On a bad day, what is the minimum you can do without feeling fatigue. If this is walk 400 metres, or doing 10 minutes of yoga, then do this amount everyday only. Even on a good day. This will stop the up and down motion of doing more on a good day and feeling worse the next day (were you can’t get out of bed). We call this boom and bust and this needs to be managed. With Pacing, overtime your energy will gradually improve and you will be able to manage your week better. Have a look at the graph from an asthma patient that illustrates why boom and bust doesn’t work in getting you back to normal activity:
Get a good night’s sleep
Sleep is key to recovery. There are many tips to getting a better nights sleep. These include in short:
- Have a standardised sleep routine – finish tasks before you go to bed if you can e.g doing the washing up from dinner. If not, write a list for the next day and forget about them so they are not playing on your mind.

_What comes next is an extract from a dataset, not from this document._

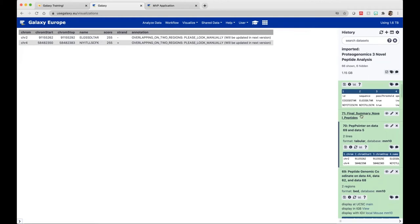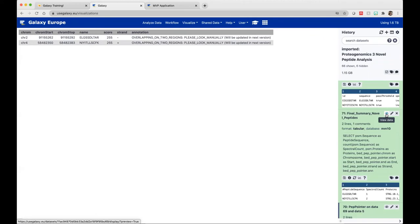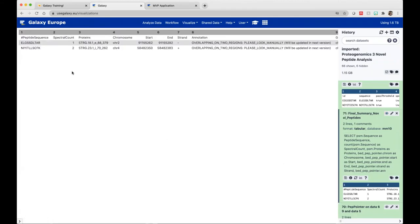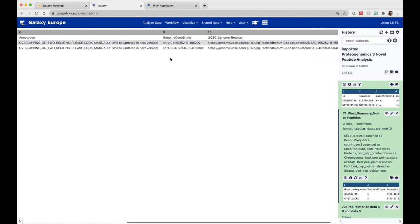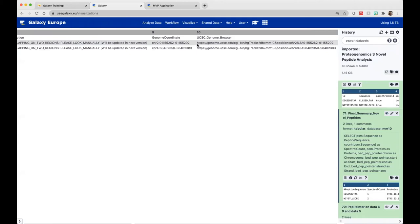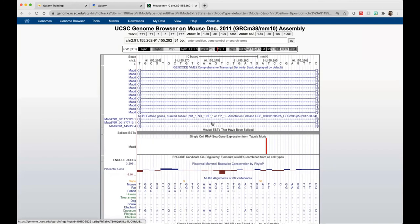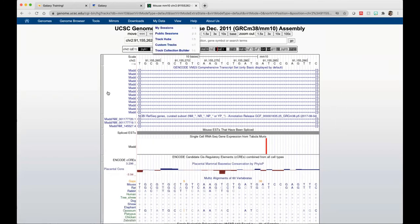The last thing in our workflow is the summary of these novel peptides. I click on the eye icon and here is the summary. It's giving me the peptide sequence, the spectral count, the protein it's coming from — E means exon, I means intron — the chromosome, the start and end, the strandedness (reverse or forward), the annotation, the genomic coordinates, and a link to the UCSC browser. I can copy that link and open it in a new tab, which will give me the location of that peptide on the reference genome in the UCSC browser.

- Set your alarm to go to bed (not just to get up)
- Go from a hot environment to a cold one – a hot bath to a colder bedroom is ideal
- Take out all artificial light from your room (turn off the phone, ideally charge in another room, remove TV from the bedroom or at least cover the stand-by light, use black out curtains)
- Use blackout curtains
- Do not use your computer or phone for 1.5-2hours before bed
- Have naps if you need to in the day, but do not make them too long – 20-40 mins is ideal to prevent them from affecting your main sleep overnight
- Work your sleep pre and post sleep routines in 90 minutes sections.
For more indepth knowledge and advice on the above read the excellent and easy to understand book called ‘Sleep by Nick Littlehales’
Eat well and Hydrate
I won’t ram home the obvious here but try to drink water regularly through the day. Monitor this by using the same water bottle every day so that you can see what you drink not just endless cups of tea that you will find it hard to monitor. Eat healthy, non-processed foods balanced through the day to stop any highs and lows in blood glucose levels. It will be worth if you are suffering from fatigue to get a blood test from your GP to determine if you are low in anything e.g. iron that can be addressed in your diet or by supplements.
I hope some of these tips help. Go away and do a plan for your week, include work commitments, household commitments and sleep. Discuss this with your boss so they understand what you are doing and drive home the point of faster recovery if you are allowed to do this. Acknowledge your deeper stress factors and any anxieties you may have regarding your situation without letting them control you. Pace, Eat and Sleep. Monitor your week and change it accordingly until you find a level that you can start from. Take complete rest if you need to. Remember think months not weeks for a faster recovery.